#### About this task:
Everything from the line containing "Shoes - Picture 3 of 3" through the final line below must be output exactly, both ends included, with nothing else and no pictures.

#### Data:

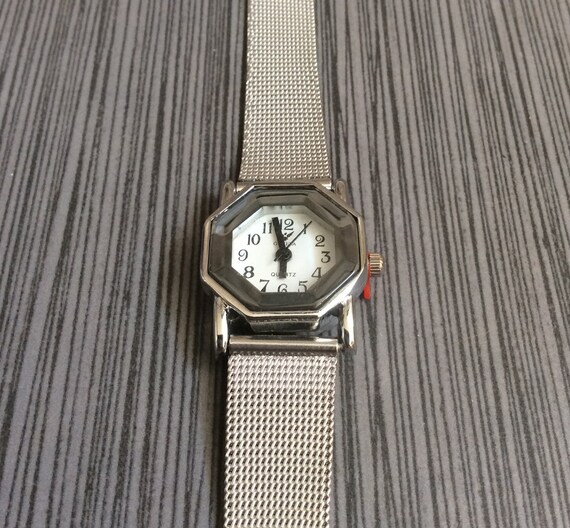Ladies watch silver mesh strap cheap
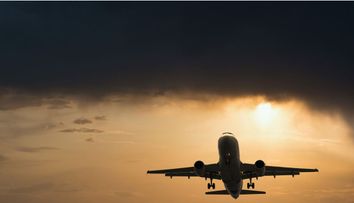 O femeie a fost dată afară dintr-un avion după ce a fumat printre pasageri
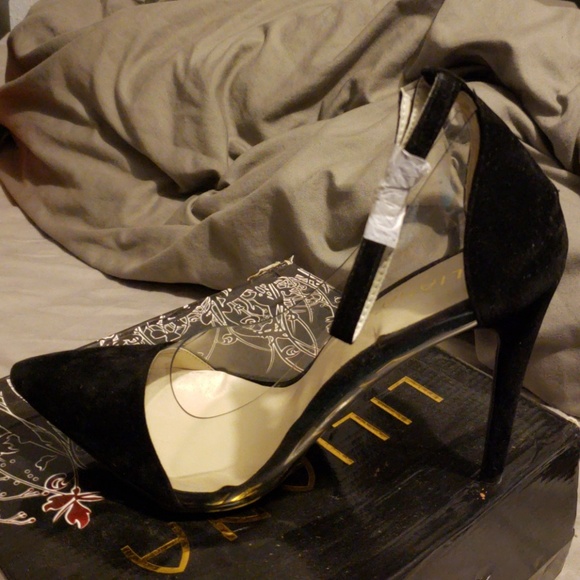 Shoes - Picture 3 of 3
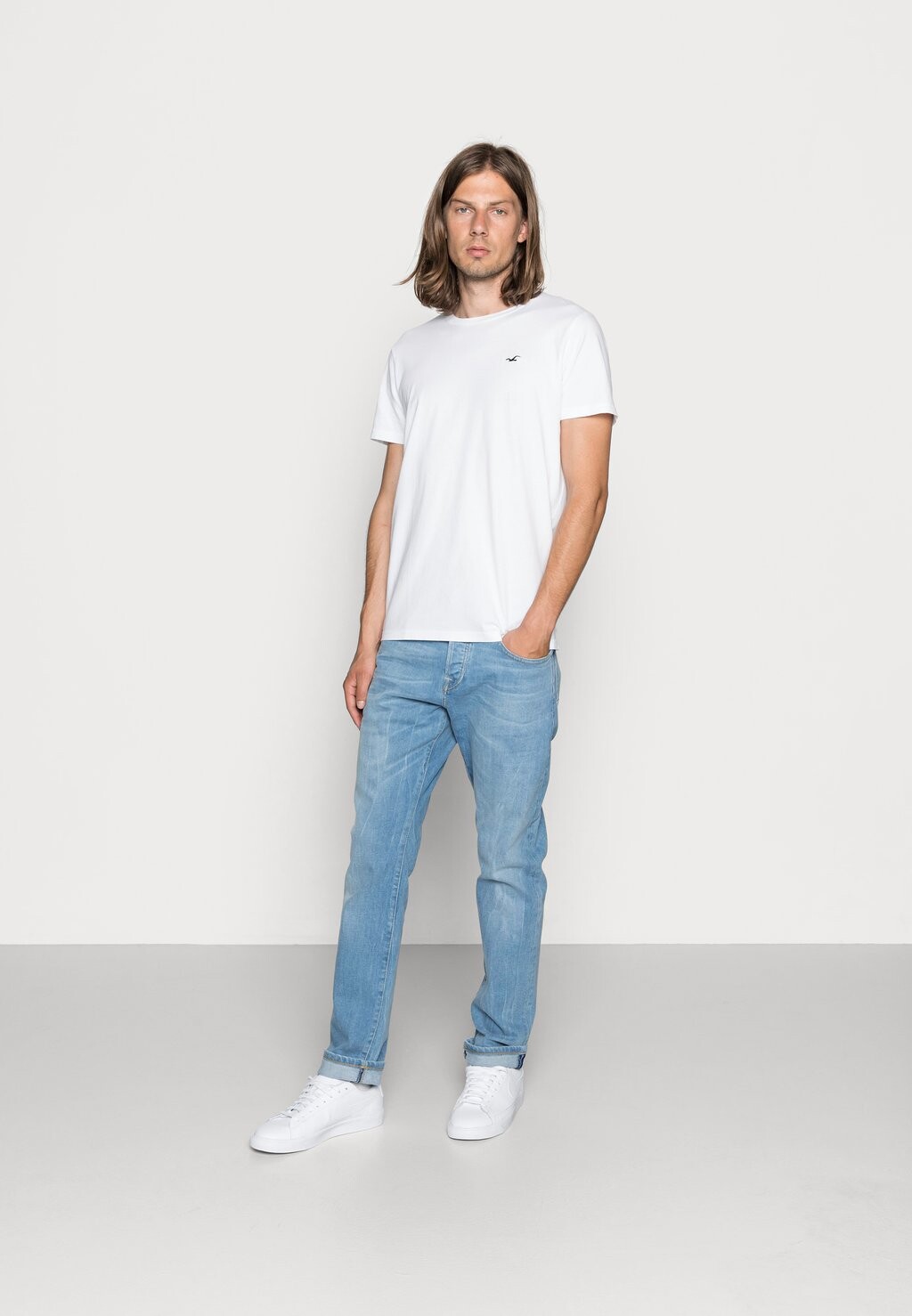 

Базовая футболка НАБОР CREW CHAIN ​​3 PACK Hollister Co., белый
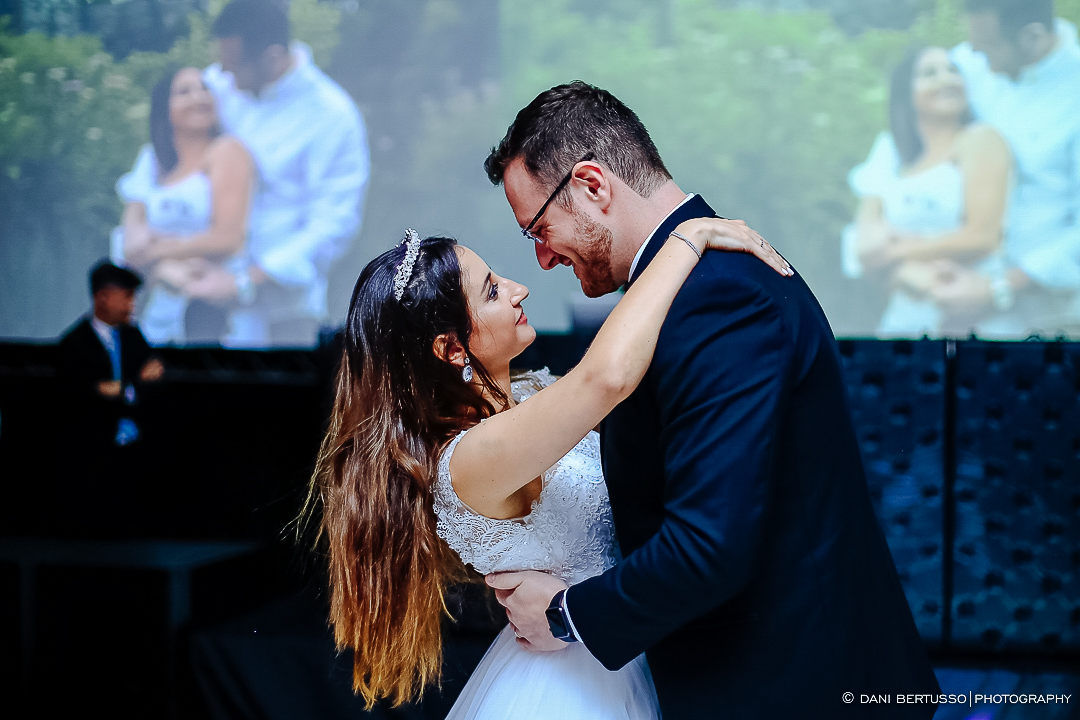 Casamento - Wedding - Destination wedding - Fotografia de Casamento - Fotógrafa de Casamentos em SP - Dani Bertusso - Igreja São José do Jardim Europa - Buffet Torres São Paulo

#### Task answer:
 Shoes - Picture 3 of 3

Базовая футболка НАБОР CREW CHAIN ​​3 PACK Hollister Co., белый
 Casamento - Wedding - Destination wedding - Fotografia de Casamento - Fotógrafa de Casamentos em SP - Dani Bertusso - Igreja São José do Jardim Europa - Buffet Torres São Paulo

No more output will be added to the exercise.